C. Extremal Limit and Entropy Relation (Section 4.5)

• Discovery: The authors identify a specific extremal limit where the entropy $S$ satisfies the relation:
  $$S = 2\pi J_\phi$$
• Significance:
  • This relation links the entropy directly to the angular momentum on the $S^2$ cross-section ($J_\phi$), rather than the ring direction ($J_\psi$).
  • This mirrors the behavior of rotating black holes whose analytic continuation yields index saddles for small black holes [23, 24].
  • The limit is achieved by taking parameters $c, a \to 0$ and $b \to 1$ while keeping specific ratios fixed. The horizon remains regular with finite area, and the temperature vanishes.

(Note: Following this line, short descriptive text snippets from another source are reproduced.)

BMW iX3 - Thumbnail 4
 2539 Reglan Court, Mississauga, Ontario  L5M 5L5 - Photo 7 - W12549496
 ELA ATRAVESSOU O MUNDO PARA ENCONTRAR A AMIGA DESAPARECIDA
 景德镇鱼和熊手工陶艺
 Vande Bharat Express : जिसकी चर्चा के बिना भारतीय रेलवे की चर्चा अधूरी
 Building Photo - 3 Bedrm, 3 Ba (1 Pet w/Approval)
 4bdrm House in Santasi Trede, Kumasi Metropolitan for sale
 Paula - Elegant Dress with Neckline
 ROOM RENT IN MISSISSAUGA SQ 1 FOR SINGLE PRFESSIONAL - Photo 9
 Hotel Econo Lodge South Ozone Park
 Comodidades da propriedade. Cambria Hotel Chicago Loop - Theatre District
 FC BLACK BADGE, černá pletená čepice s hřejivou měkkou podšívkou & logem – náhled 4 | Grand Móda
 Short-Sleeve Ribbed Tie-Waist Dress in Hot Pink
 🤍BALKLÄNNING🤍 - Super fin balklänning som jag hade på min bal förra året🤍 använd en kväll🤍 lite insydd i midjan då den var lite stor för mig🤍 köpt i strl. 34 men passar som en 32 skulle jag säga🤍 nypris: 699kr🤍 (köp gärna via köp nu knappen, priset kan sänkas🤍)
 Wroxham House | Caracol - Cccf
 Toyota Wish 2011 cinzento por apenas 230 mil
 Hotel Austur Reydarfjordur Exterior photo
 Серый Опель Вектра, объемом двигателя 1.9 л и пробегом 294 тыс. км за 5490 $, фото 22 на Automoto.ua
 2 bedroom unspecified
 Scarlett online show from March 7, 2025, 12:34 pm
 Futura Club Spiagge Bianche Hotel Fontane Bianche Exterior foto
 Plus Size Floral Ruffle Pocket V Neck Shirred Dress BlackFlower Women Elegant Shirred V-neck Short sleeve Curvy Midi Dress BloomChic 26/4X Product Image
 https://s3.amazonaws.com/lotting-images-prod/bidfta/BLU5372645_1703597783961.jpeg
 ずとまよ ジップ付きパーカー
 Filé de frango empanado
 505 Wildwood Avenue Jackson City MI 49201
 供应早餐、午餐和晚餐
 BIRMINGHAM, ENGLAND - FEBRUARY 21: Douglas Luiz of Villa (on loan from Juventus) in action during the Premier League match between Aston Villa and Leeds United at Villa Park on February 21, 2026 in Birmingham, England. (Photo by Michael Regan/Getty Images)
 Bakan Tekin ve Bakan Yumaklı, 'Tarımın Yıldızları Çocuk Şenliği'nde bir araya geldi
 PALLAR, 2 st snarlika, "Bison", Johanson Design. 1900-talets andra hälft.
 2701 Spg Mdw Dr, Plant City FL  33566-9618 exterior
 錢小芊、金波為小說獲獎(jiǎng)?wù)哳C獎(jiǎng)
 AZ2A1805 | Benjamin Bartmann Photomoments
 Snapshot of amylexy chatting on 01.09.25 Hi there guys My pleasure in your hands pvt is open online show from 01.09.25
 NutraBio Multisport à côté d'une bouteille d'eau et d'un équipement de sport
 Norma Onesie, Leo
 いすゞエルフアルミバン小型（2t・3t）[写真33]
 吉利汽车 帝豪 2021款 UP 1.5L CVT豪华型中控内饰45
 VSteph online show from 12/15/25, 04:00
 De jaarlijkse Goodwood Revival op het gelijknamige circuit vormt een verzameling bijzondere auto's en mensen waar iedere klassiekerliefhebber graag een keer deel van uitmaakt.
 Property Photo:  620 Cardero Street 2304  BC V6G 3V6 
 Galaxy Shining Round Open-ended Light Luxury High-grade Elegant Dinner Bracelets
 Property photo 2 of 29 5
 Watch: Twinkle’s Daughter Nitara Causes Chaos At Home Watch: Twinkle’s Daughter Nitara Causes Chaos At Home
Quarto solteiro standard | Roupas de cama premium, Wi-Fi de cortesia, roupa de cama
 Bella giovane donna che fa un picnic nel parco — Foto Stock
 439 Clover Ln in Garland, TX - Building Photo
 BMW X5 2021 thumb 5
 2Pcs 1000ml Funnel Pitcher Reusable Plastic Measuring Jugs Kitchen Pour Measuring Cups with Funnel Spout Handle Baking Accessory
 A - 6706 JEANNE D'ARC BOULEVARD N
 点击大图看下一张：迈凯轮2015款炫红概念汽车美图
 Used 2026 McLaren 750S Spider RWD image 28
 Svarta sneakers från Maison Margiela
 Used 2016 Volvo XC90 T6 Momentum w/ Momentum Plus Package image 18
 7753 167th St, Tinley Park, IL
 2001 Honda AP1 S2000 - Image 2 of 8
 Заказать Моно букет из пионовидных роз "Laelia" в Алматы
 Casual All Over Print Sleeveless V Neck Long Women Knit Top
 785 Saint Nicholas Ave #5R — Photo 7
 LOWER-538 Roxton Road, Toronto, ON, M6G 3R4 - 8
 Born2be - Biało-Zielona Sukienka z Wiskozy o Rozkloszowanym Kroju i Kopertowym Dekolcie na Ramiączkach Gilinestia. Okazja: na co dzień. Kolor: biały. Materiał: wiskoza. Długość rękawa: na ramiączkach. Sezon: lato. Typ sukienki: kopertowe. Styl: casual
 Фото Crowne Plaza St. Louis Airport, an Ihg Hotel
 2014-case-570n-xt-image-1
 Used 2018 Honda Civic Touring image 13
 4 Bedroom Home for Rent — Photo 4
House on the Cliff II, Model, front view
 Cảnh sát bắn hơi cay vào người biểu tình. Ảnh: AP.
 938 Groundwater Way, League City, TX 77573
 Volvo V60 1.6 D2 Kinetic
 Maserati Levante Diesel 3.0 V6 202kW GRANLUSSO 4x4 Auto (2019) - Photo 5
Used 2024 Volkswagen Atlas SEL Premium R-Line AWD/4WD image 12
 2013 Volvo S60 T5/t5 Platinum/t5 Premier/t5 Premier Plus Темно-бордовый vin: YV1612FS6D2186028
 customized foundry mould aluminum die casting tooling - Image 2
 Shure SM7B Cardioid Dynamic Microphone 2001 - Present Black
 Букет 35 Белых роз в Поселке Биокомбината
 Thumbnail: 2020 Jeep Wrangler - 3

4. Significance and Future Directions

• Foundation for Index Saddles: The primary motivation is to provide the necessary non-extremal, Lorentzian seed solution for constructing gravitational index saddles for supersymmetric F1-P black rings. This is a critical step in bridging the gap between gravity path integrals and string theory microstate counting.
• Technical Advancement: The construction of the doubly spinning charged solution is non-trivial due to the complexity of the underlying CHT seed. The explicit formulas provided allow for rigorous testing of thermodynamic laws and phase structures.
• Future Work: The authors note that a detailed analysis of the analytic continuation to the index saddle will be presented in a separate paper [31]. Future studies will also explore the first law of thermodynamics, Smarr relations, and the phase diagram of these solutions.

Summary

This paper successfully constructs a new class of exact solutions in 5D supergravity: charged, doubly spinning black rings. By utilizing a specific duality chain (Boost-T-Duality-Boost), the authors generalize existing dipole rings to include F1 and P charges. The work is distinguished by its rigorous derivation of physical properties, its verification of consistency with known BPS limits via the Bena-Warner formalism, and the discovery of a specific extremal limit where entropy is linearly proportional to the $S^2$ angular momentum ($S = 2\pi J_\phi$), a feature essential for modern black hole microphysics research.